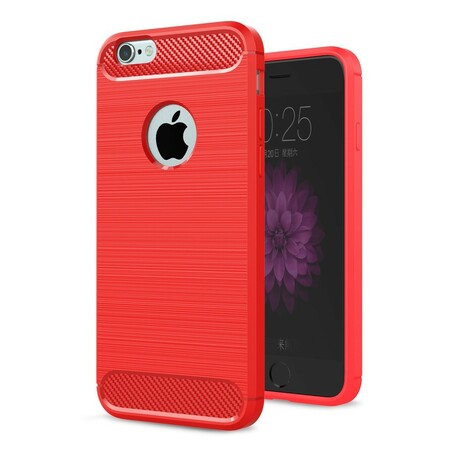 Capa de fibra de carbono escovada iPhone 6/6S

* * *

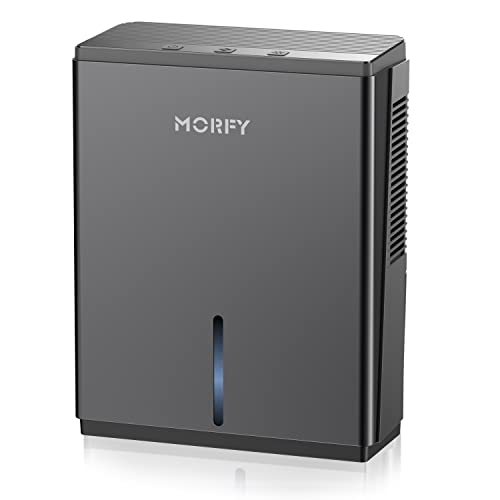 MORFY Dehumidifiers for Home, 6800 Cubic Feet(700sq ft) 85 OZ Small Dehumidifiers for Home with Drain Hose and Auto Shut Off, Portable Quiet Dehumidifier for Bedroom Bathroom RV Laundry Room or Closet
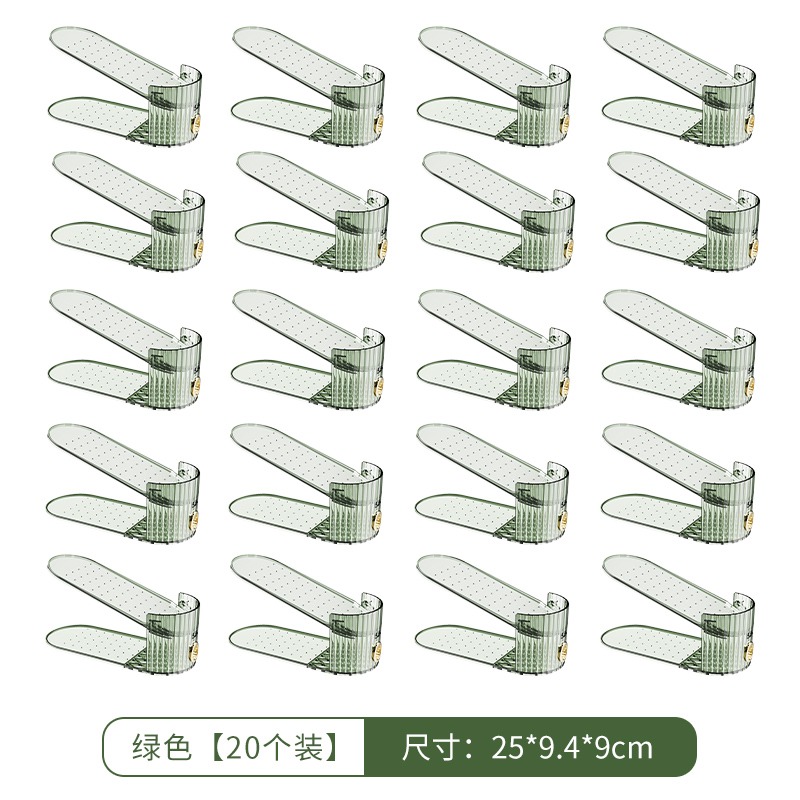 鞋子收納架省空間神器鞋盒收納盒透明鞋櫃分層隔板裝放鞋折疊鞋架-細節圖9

◆ **Exercise description**
Print nothing but the lines above starting with the line that contains "MORFY Dehumidifiers for" and going on through the line that contains "鞋子收納架省空間神器鞋盒收納盒透明鞋櫃分層隔板裝放鞋折疊鞋架-細節圖9". Leave out the pictures.

◆ **Worked solution**
 MORFY Dehumidifiers for Home, 6800 Cubic Feet(700sq ft) 85 OZ Small Dehumidifiers for Home with Drain Hose and Auto Shut Off, Portable Quiet Dehumidifier for Bedroom Bathroom RV Laundry Room or Closet
 鞋子收納架省空間神器鞋盒收納盒透明鞋櫃分層隔板裝放鞋折疊鞋架-細節圖9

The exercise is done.